SUPPLIED DATA:
++++

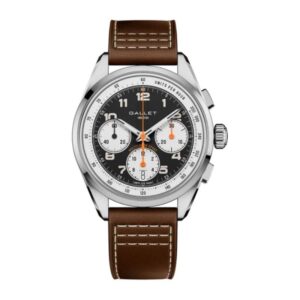 Gallet Multichron Sport Chronograph 41mm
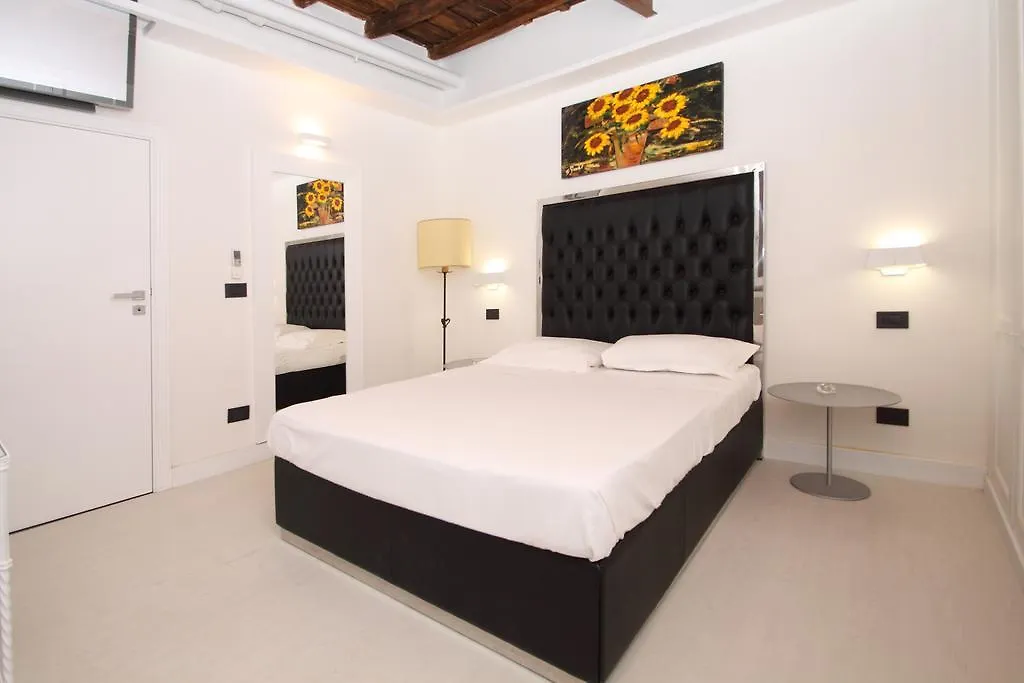 Lhp Suite Roma Trastevere Apartment Rome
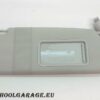 ALETTA PARASOLE DESTRA AUDI A3 8P ANNO 2004 - immagine 4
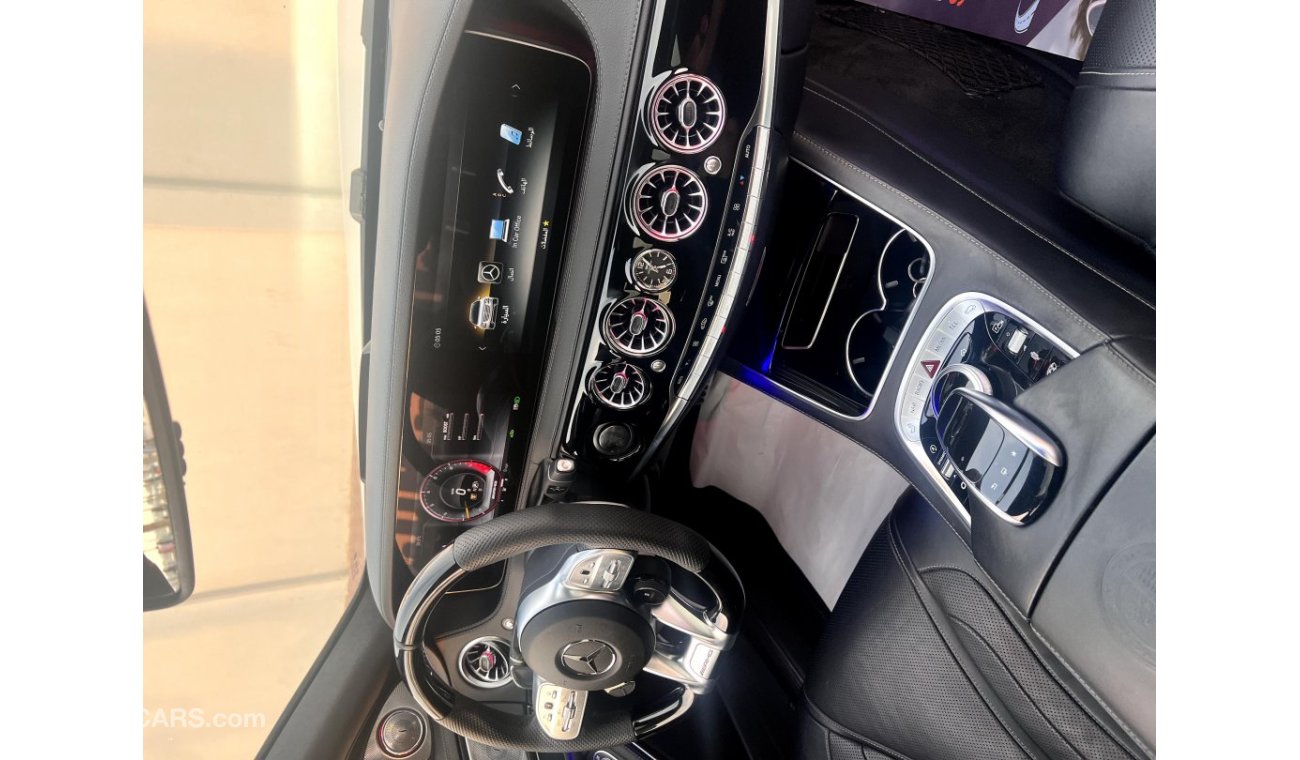 Mercedes-Benz S 63 AMG AMG 5 buttons, Call 00971502169690
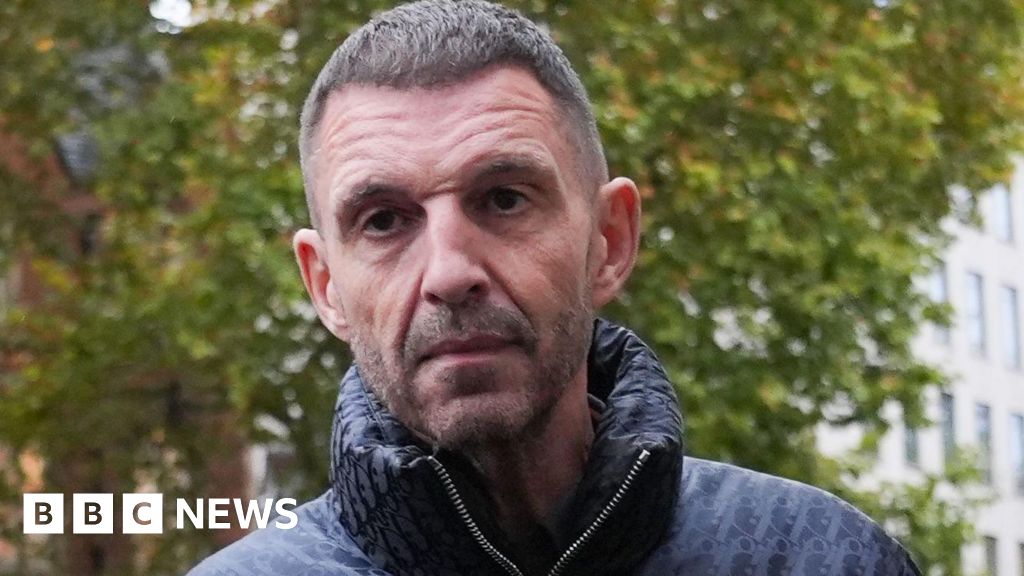 Former Radio 1 DJ in court on rape charges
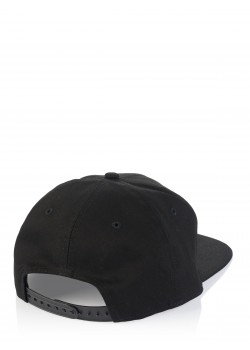 Champion cap black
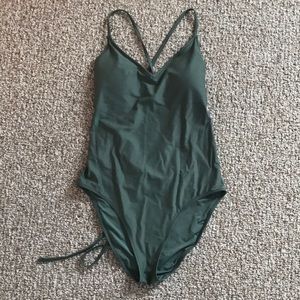Like New Aerie Swimsuit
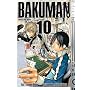Bakuman. 10 de Tsugumi Ohba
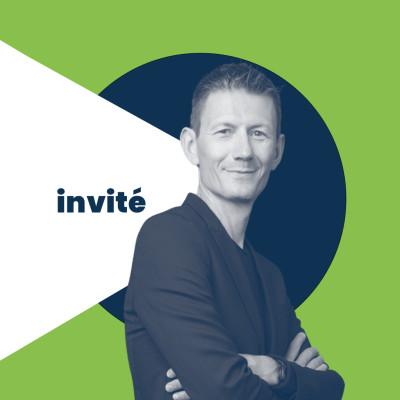 Make Up Forever, une supply chain agile, résiliente et solidaire. | Thomas Riehl, Directeur Supply Chain International de Make Up Forever cover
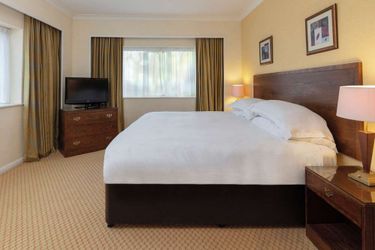 Slaley Hall Hotel, Spa &Amp; Golf Resort Hexham: Photo 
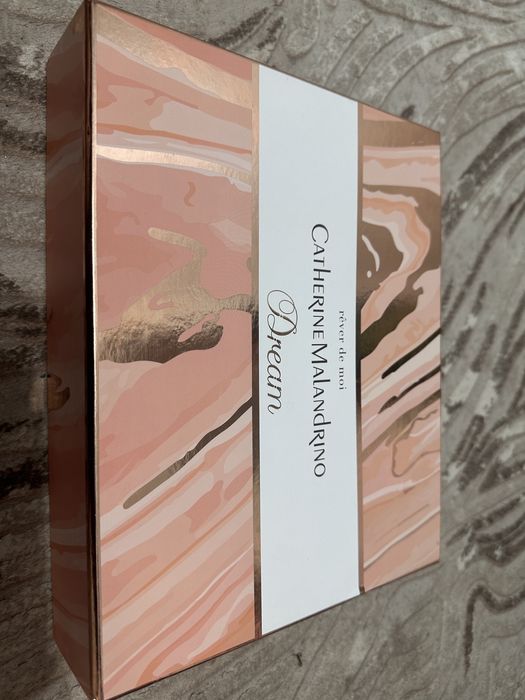 Parfum Catherine Malandrino Dream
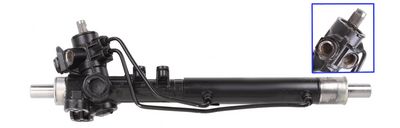 Рулевой механизм DRI 712520755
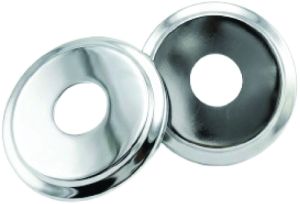 SS 304 Kitchen Tap Flange
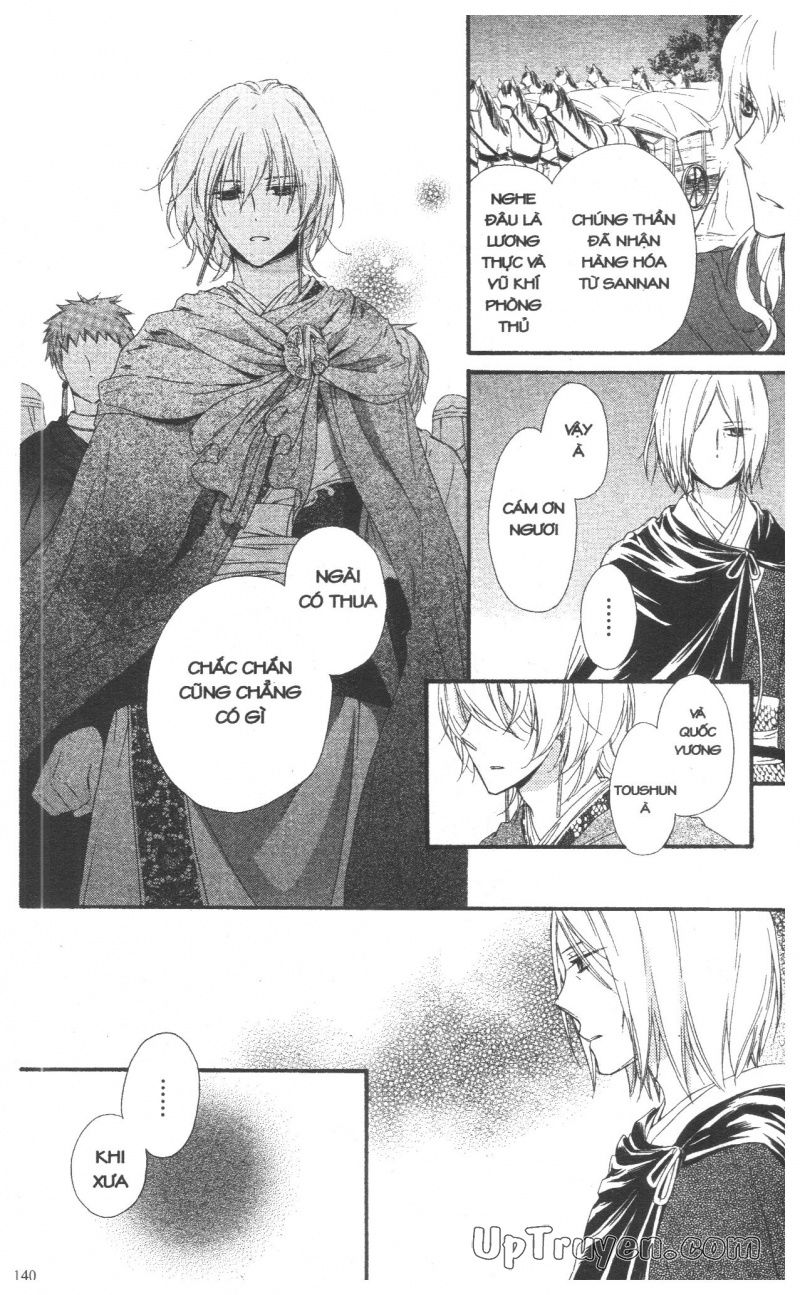 báu vật hoàng cung chapter 27 44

++++

Your answer must be exactly the lines from the one with "Make Up Forever, une" through the last line of the entries, both included, with no pictures; please add nothing else.

REPLY TO THE TASK:
 Make Up Forever, une supply chain agile, résiliente et solidaire. | Thomas Riehl, Directeur Supply Chain International de Make Up Forever cover
 Slaley Hall Hotel, Spa &Amp; Golf Resort Hexham: Photo 
 Parfum Catherine Malandrino Dream
 Рулевой механизм DRI 712520755
 SS 304 Kitchen Tap Flange
 báu vật hoàng cung chapter 27 44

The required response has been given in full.